Miller was often in the public eye, particularly during the late 1940s, 1950s, and early 1960s. During this time, he received a Pulitzer Prize for Drama, testified before the House Un-American Activities Committee, and married Marilyn Monroe. In 1980, he received the St. Louis Literary Award from the Saint Louis University Library Associates. He received the Praemium Imperiale prize in 2001, the Prince of Asturias Award in 2002, and the Jerusalem Prize in 2003, and the Dorothy and Lillian Gish Prize in 1999.

In 1940, Miller married Mary Grace Slattery. The couple had two children, Jane (born September 7, 1944) and Robert (May 31, 1947 – March 6, 2022). Miller was exempted from military service during World War II because of a high school football injury to his left kneecap. In 1944 Miller's first play was produced: The Man Who Had All the Luck won the Theatre Guild's National Award. The play closed after four performances with disastrous reviews.

In 1947, Miller's play All My Sons, the writing of which had commenced in 1941, was a success on Broadway (earning him his first Tony Award, for Best Author), and his reputation as a playwright was established. Years later, in a 1994 interview with Ron Rifkin, Miller said that most contemporary critics regarded All My Sons as "a very depressing play in a time of great optimism" and that positive reviews from Brooks Atkinson of The New York Times had saved it from failure.

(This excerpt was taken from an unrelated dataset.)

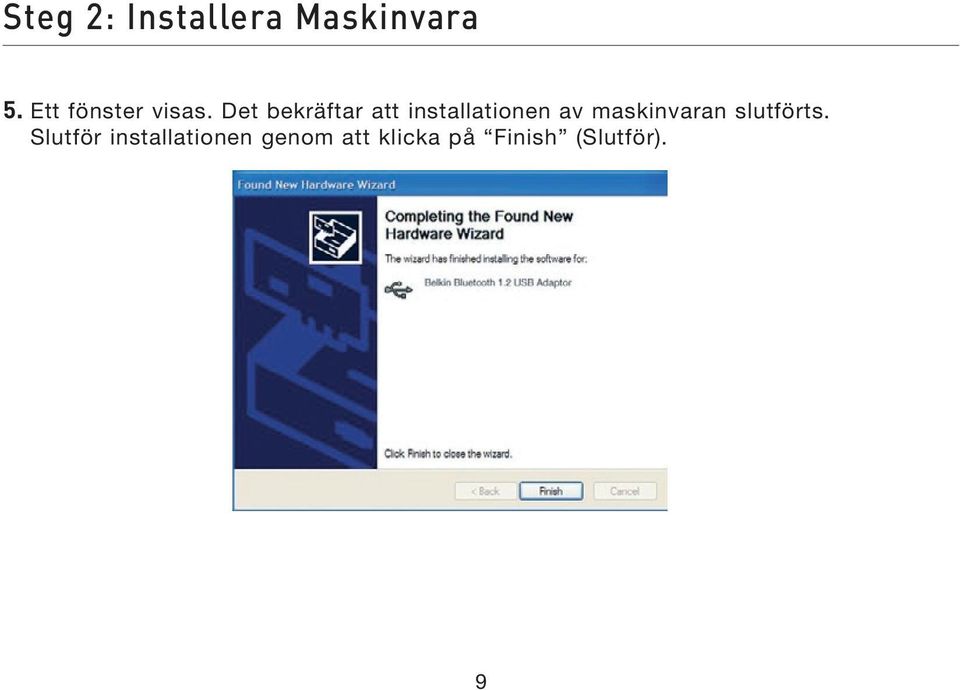 Det bekräftar att installationen av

In 1948, Miller built a small studio in Roxbury, Connecticut. There, in less than a day, he wrote Act I of Death of a Salesman. Within six weeks, he completed the rest of the play, one of the classics of world theater. Death of a Salesman premiered on Broadway on February 10, 1949, at the Morosco Theatre, directed by Elia Kazan and starring Lee J. Cobb as Willy Loman, Mildred Dunnock as Linda, Arthur Kennedy as Biff, and Cameron Mitchell as Happy. The play was commercially successful and critically acclaimed, winning a Tony Award for Best Author, the New York Drama Circle Critics' Award, and the Pulitzer Prize for Drama. It was the first play to win all three of these major awards. The play was performed 742 times.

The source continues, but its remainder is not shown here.